I don’t mean to be campaigning for a Heart reunion… that’s not my intention. I am campaigning for every living human to put away the qualities that have always brought mankind down and find a way to help the whole.

I wish you and your family the best in the future and I’m looking forward to your upcoming autobiography.

RF: Thanks so much. You have no idea how much your involvement means to me. I treasure this intercourse with the people who are responsible for music’s popularity.

Q&A – Lessons or self taught?


I hope there is no limit to questions to be asked. I do want to give other people a chance to chime in. Before I ask my next question, I would like to say something. Any one who thinks you are a piece of crap should take a good look in the mirror. We ALL make mistakes in life.

Imagine if forgiveness reigned. The smiles, fun and endless possibilities all of us could have. Instead, some choose to be bitter, making them cold, ugly and only hurting themselves. That’s not anyone’s fault but their own.

The Petra video/song you have on your web site, I watched that. THAT’S Roger Fisher. The contributions you made to Heart making it one of the super groups of the seventies, THAT’S Roger Fisher. Your wife, kids and projects, THAT’S Roger Fisher. NOT past mistakes! Nuf said.

Now, to my question;

When you started learning to play guitar, did you take lessons or are you self taught?


Yep… self taught. Actually, I consider all the great guitarists I was listening to and spending countless hours copying, my teachers.
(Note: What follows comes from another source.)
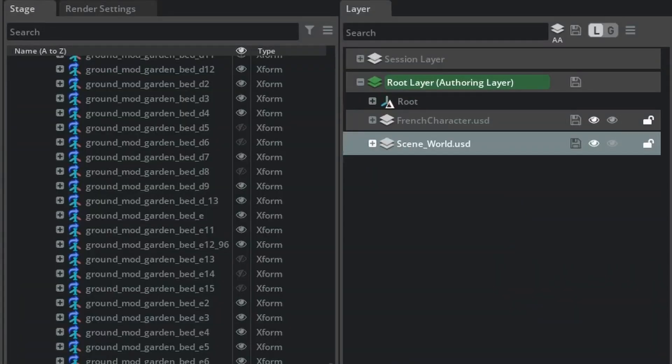Today we're going to be talking about layers and how you can collaborate in Omniverse. There are two main views that we look at: the stage and the layers. The stage has a list of assets within the USD file, but you can have multiple USDs within USDs, kind of creating a linkage of USD files.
For the first two years of my playing, there were many days of practicing for eight hours… chromatic scales, and things which had little bearing on music… and I wasn’t using all my fingers – just thumb, one, two, and three. I suddenly came to the realization I’d been learning – etching into my muscle memory – wrong habits. When I began a wiser approach, it was like starting all over again and I agonized through the process until I had a foundation that made more sense. If I’d had a teacher, a lot of time would not have been wasted.

Now, I would advise a beginning guitarist to acquire a basic understanding of theory – how chords are structured; basic scales and how to use them; hearing and feeling the various emotive qualities of modes. Then I would choose one artist to focus on. Learn one song by that person. Copy it absolutely exactly, channeling the soul from which it came. When that one song is mastered, learn a few more, then choose a different artist.
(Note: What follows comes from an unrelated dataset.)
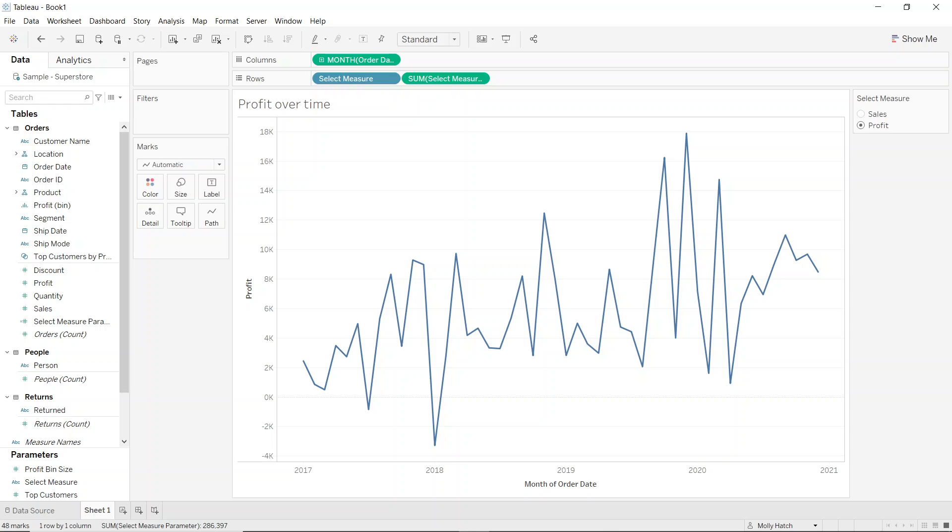Great. So that's our example finished. So now we've used different measures in this example, but you can also do this with dimensions using the same process.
The most important ingredient in this work may be honesty, because the aspiring student knows when they’ve got it right, but it’s a struggle that takes a lot of time and tenacity. The beauty of being young is you have a lot of time, generally, and mom and dad’s roof over your head. You probably don’t have a job yet and your dreams haven’t had time to erode or be squashed. Go for it with everything you’ve got and it probably won’t be enough.

There are certain ingredients that need to be discovered by living, looking and learning. An important one is inside you. Who are you? Why do you cry? Why do you matter in this world? If you reached success, would it be all about you, or would you retain humility and think of how you can give back? Your greatest strength may be your very soul. Are you aware of the deepest you? Some of these people you’re listening to know their soul. That’s why their playing thrills you.